L’héroïne parvient à supporter l’ambiance du collège grâce à Marwa, amie/amante qui lui fait découvrir l’amour et la raisonne parfois quand la colère la submerge en lui enjoignant de ne pas « brûler les ponts » et Matthieu, son ami de son ancien collège (nommé Aimé Césaire, comme un antonyme à Sainte-Marie), et qui fourni les élèves de Sainte-Marie en drogues…
L’écriture et les thème de ce roman sont un peu crus : vocabulaire, sexualité, l’héroïne ne mâche pas ses mots, prenant d’ailleurs un malin plaisir à renommer son établissement en « Sainte-Marie-de-mon-Cul », « Sainte-Marie-des-Filles-Sages », « Sainte-Marie-des-Faux-Semblants ». On retrouve cette colère et cette hâte que l’année se termine enfin dans le style : la ponctuation est rare, les phrases très longues, comme si la narratrice n’avait pas le temps de reprendre son souffle tant elle a à dire. Cette écriture est déroutante mais cohérente avec le propos, tout comme la couverture qui reprend la figure du blason, qui rappelle la noblesse en y incrustant la figure de deux femmes qui s’embrasent, le thème récurrent du feu symbolisant la colère…

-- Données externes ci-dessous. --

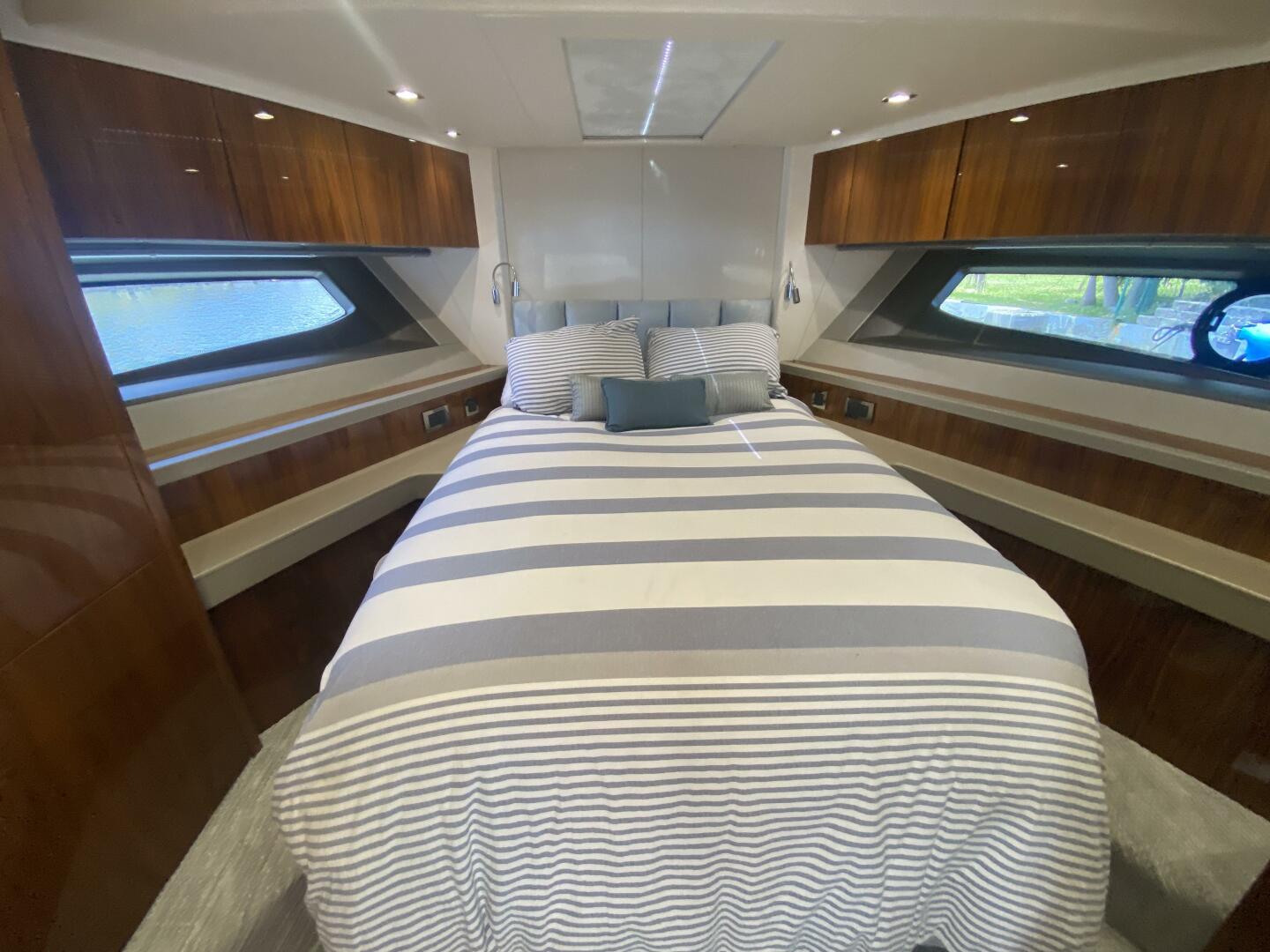 2017 Sunseeker 52 Manhattan - Image 23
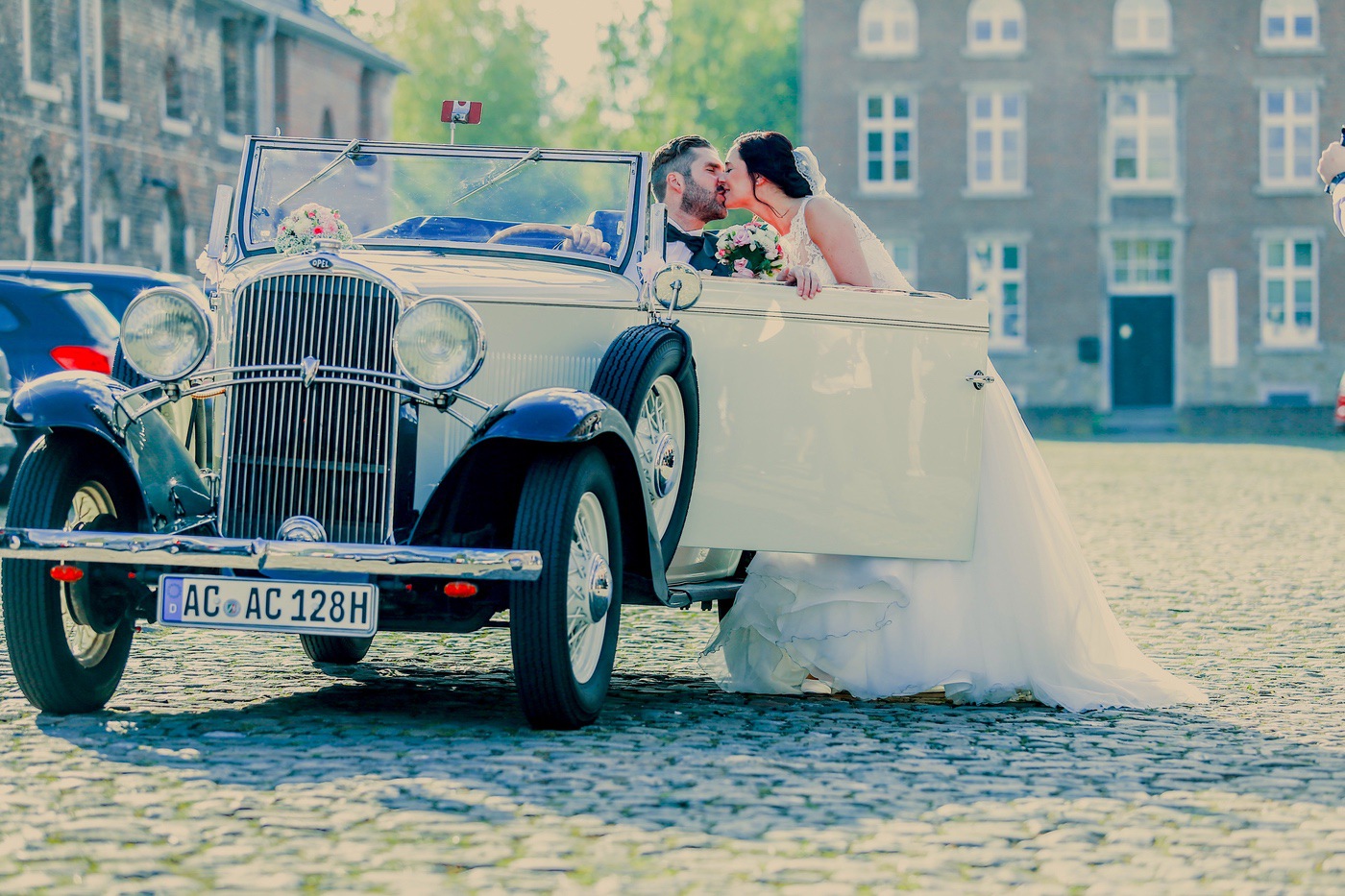Brautpaar im blauen Oldtimer in der Altstadt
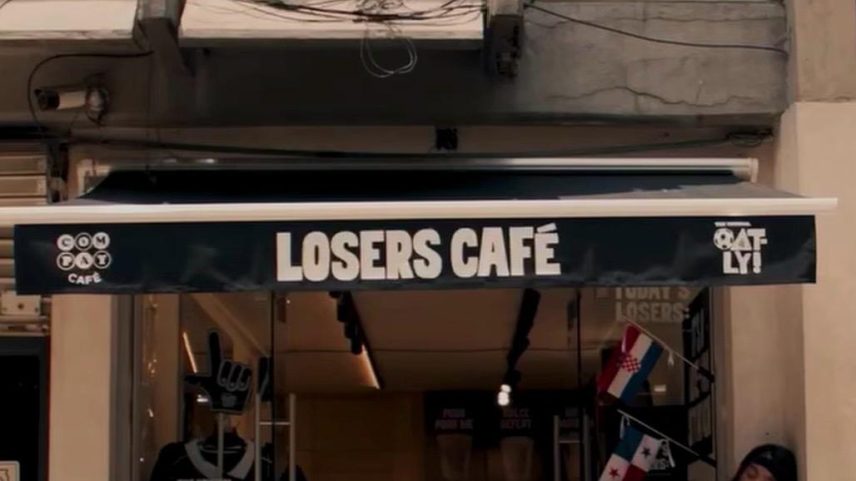 Losers Café: a cafeteria que virou point dos "perdedores" da Copa do Mundo
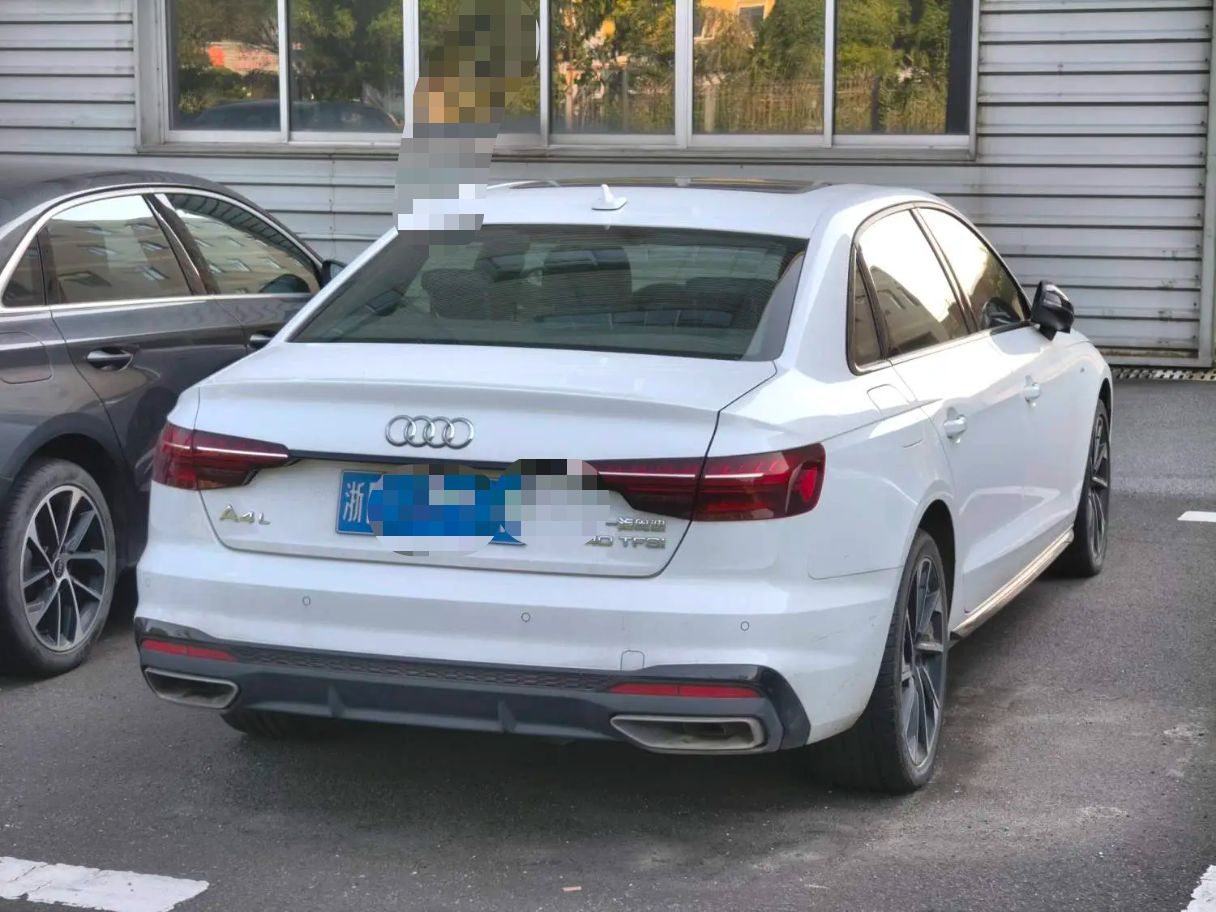 Audi A4L 2023  2.0TFSI 40TFSI Luxury Sport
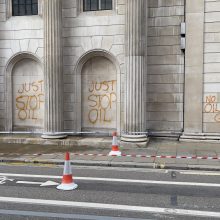Klimato aktyvistai oranžiniais dažais nupurškė Londono pastatus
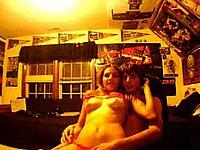 Junges Paar beim Sex vor der Webcam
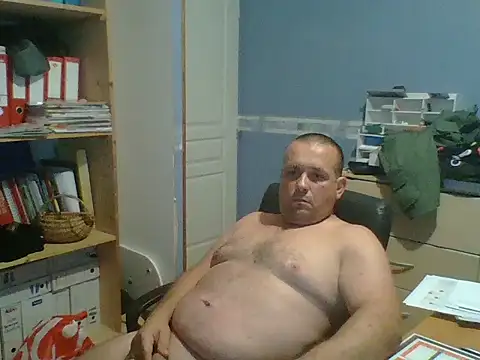 manubm03 online show from July 15, 6:02 pm
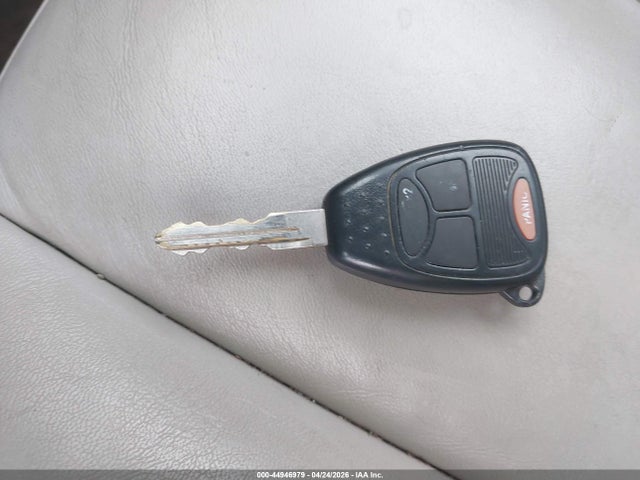 44946979 :رقم المزاد ، 2A4GM68426R627627 vin ، 2006 Chrysler Pacifica Touring مزاد بيع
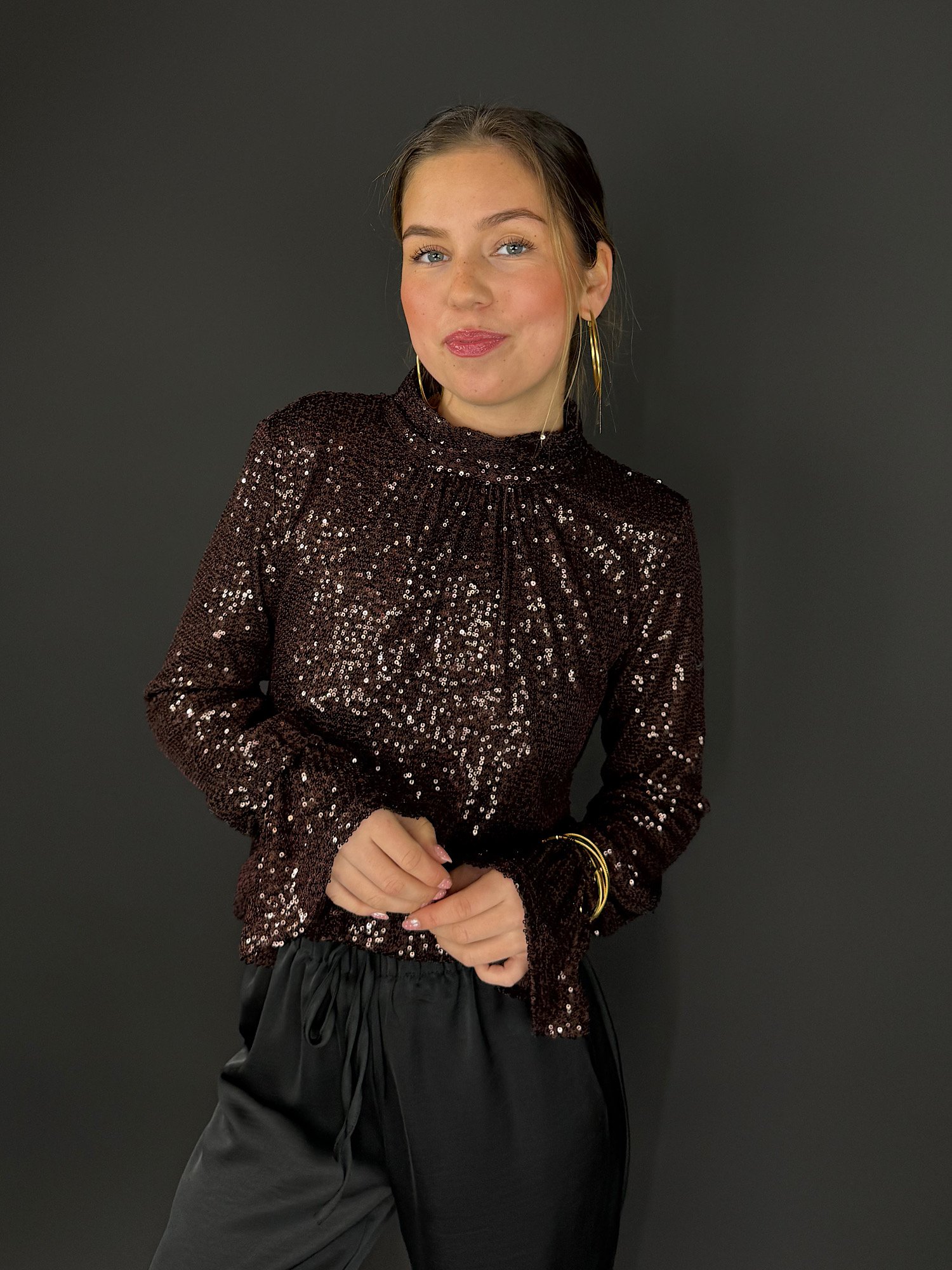 Top met open rug Esmay - bruin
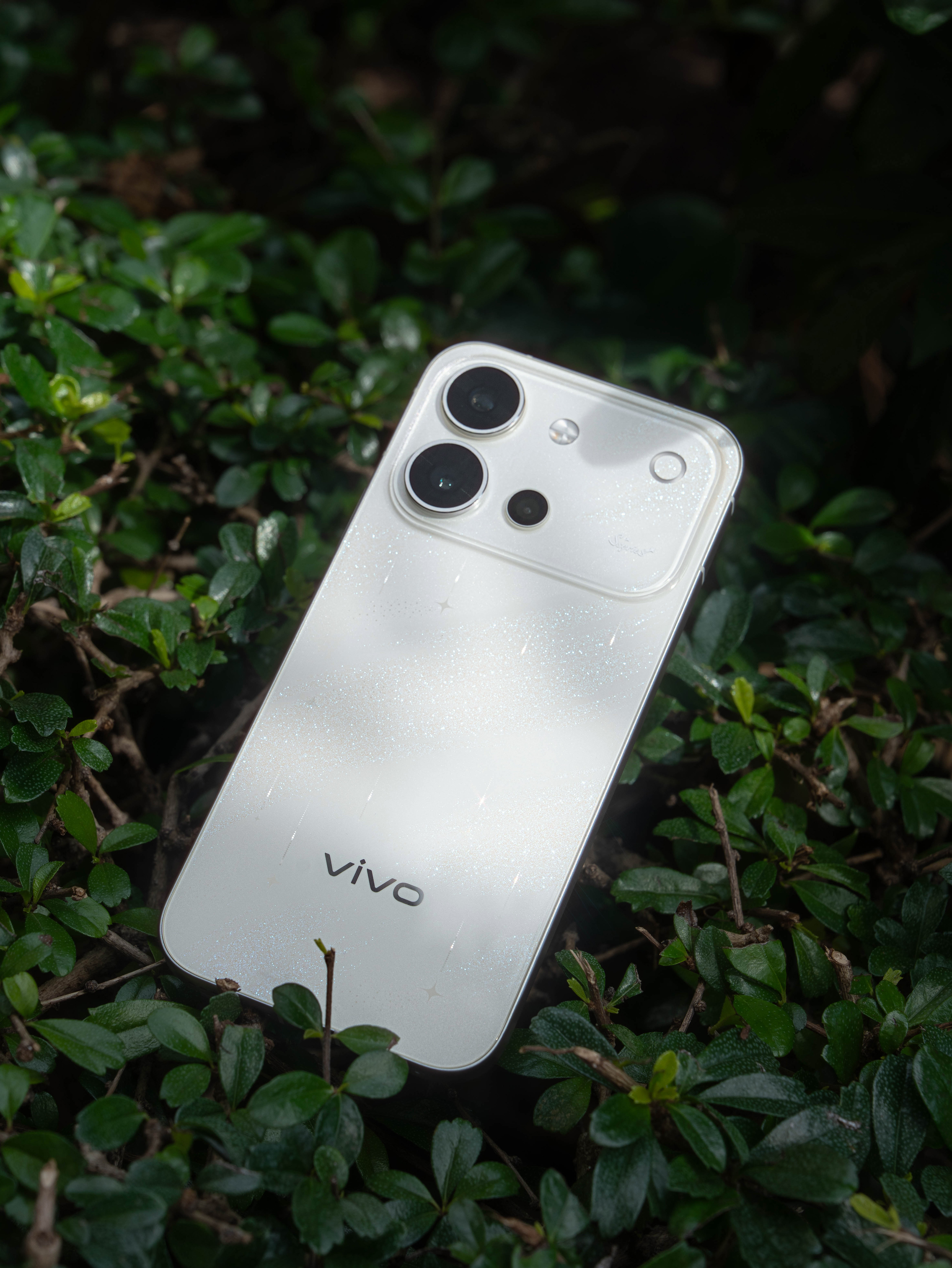 vivo S60相比上一代S50，芯片、主摄硬件几乎没升级，只加大电池、提升屏幕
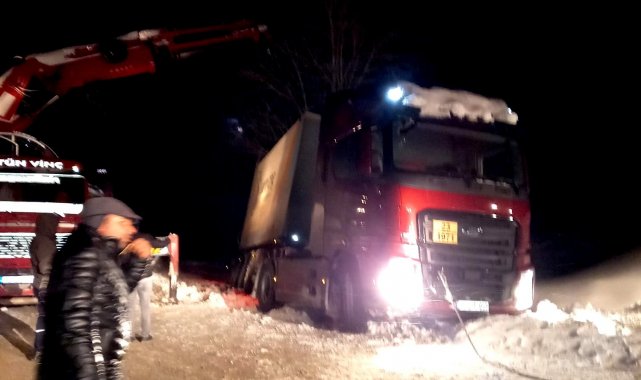 Çelikhan'a doğalgaz taşıyan tanker kurtarıldı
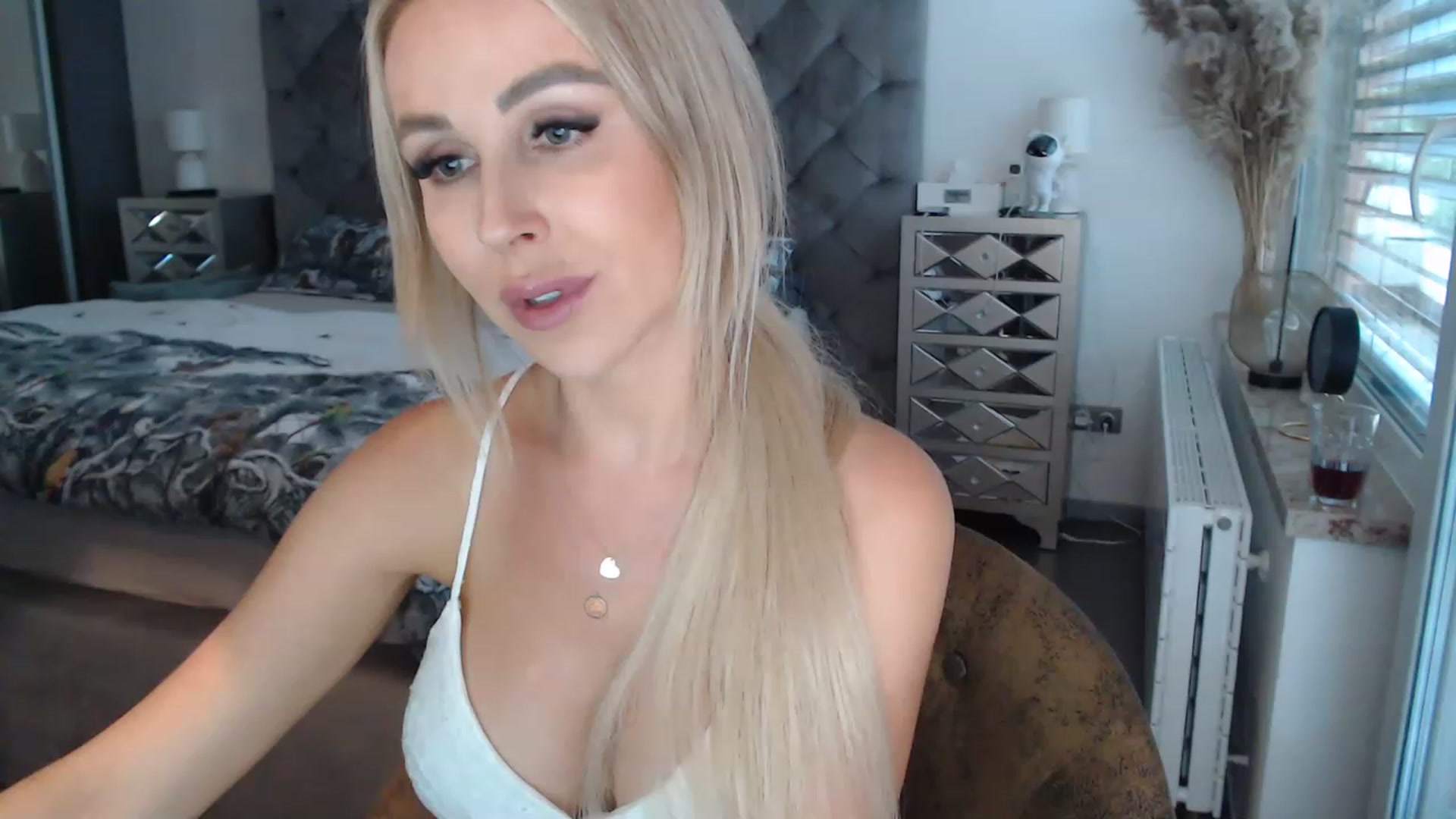 Gallery image thumbnail from CocoMia's myfreecams stream on, 08/01/2023, 11:47 image 9 of 20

Même si les personnages peuvent être un peu caricaturaux et la lecture dérangeante, ce roman a le mérite de mettre en lumière le fait que le harcèlement existe dans tous les milieux, et que dans tous les milieux chacun se cherche… Car les élèves populaires ne sont pas tous si heureux que cela, l’héroïne en a la preuve dans son « Dossier dernier jour »… Le compte à rebours avant la fin du collègue est lancé 3,2,1… Chaque chapitre rapproche l’héroïne d’un ailleurs où elle sera à sa place, sans doute.
Lire aussi l’avis de Lucie.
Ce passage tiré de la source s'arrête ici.